City students get a feel for farming life
Breaking the city-country divide, Year 9 Rossmoyne Senior High School students had a field day last week at the University of WA’s Ridgefield farm at Pingelly.
The event was the brainchild of humanities and social sciences teacher Alison Sciascia, whose mission was to give the 56 students a lesson in food production.
Many of the students had never been inside a shearing shed, where UWA Professor Graeme Martin and Ridgefield manager Richard McKenna helped to bolster their knowledge of on-farm activities.
From farm machinery and the technology that has been tipped to revolutionise agriculture, to restoration work to improve biodiversity, the students explored the aims of UWA’s Future Farm 2050.
“Today’s farm implements are designed to have minimum ground disturbance in an effort to reduce soil erosion while retaining moisture,” Mr McKenna told students as they perused the farm’s seeder.

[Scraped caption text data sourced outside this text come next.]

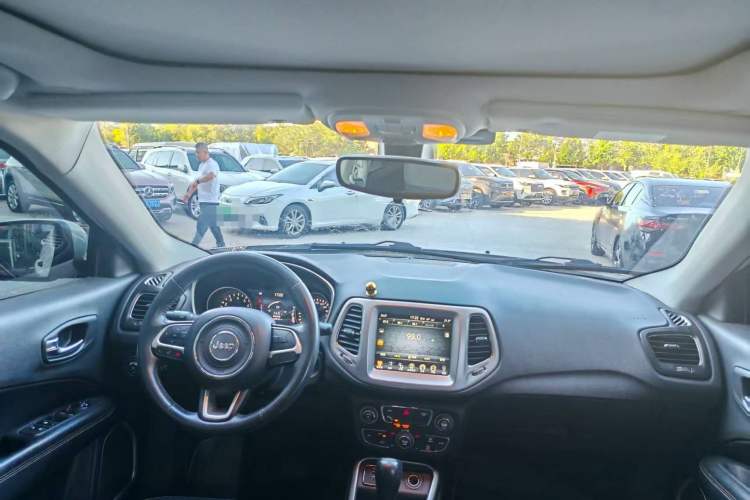 Used Jeep Compass 2017 200T Automatic Family Edition Interior 1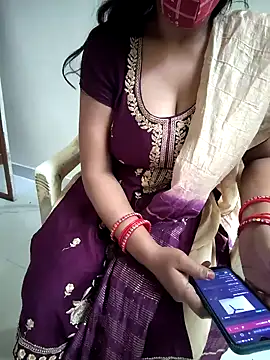 Snapshot of your_favourite_bhabhi chatting on 10.27.25 your favourite bhabhi online show from 10.27.25
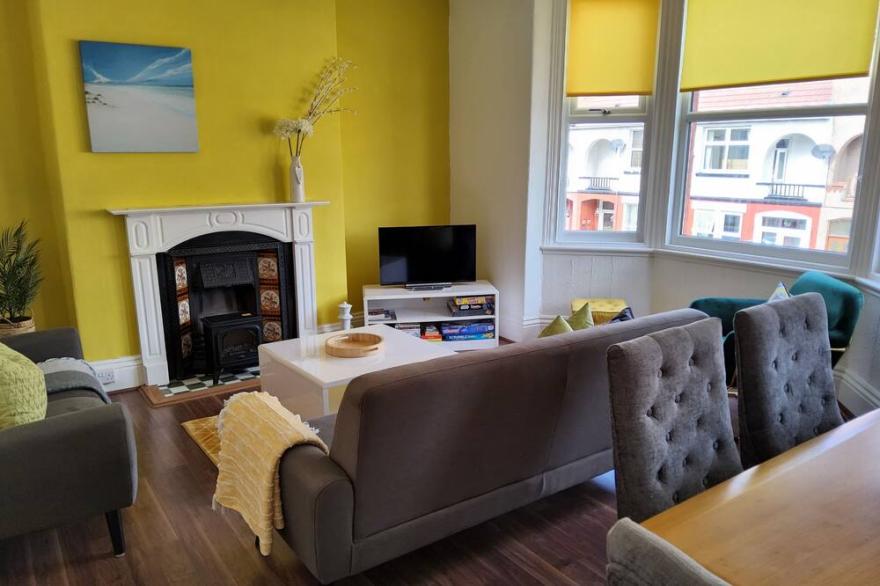 APARTMENT: CLOSE TO LLANDUDNO SEA FRONT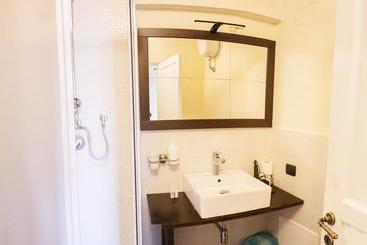 هتل B&b Bon Ton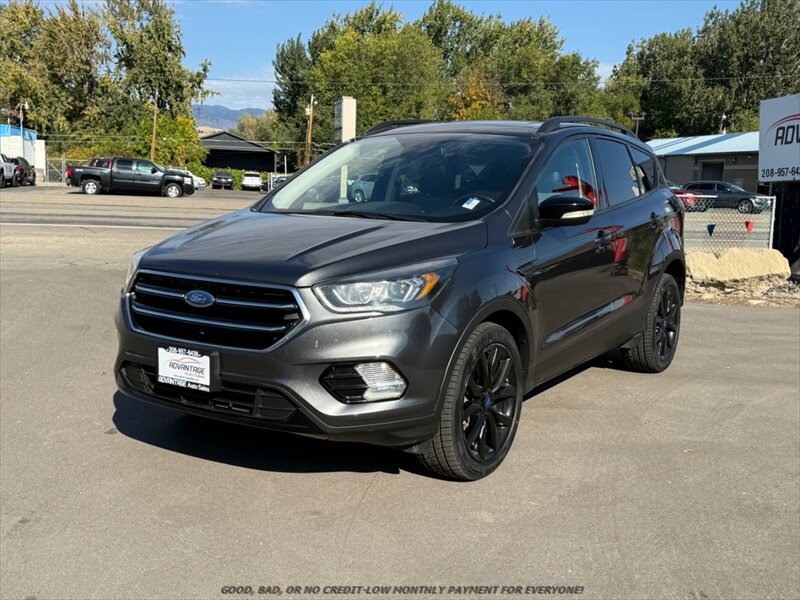 Used 2017 Ford Escape Titanium AWD/4WD image 3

UWA senior science lecturer Nik Callow, also on hand to speak with students and demonstrate drone technology, said farming was an expensive business that required capital investment, and advancements in technology could have a negative effect on the rural population, with fewer people required to undertake manual tasks.
Touring the farm by bus, the students came under the instruction of UWA fieldwork co-ordinator Chris Brouwer, who had them analyse soil samples from three sites.
Rossmoyne students pictured by drone during a field day at UWA's Ridgefield Farm.
Rossmoyne student Phoenix Opitz-de Niet collecting soil samples at UWA's Ridgefield farm.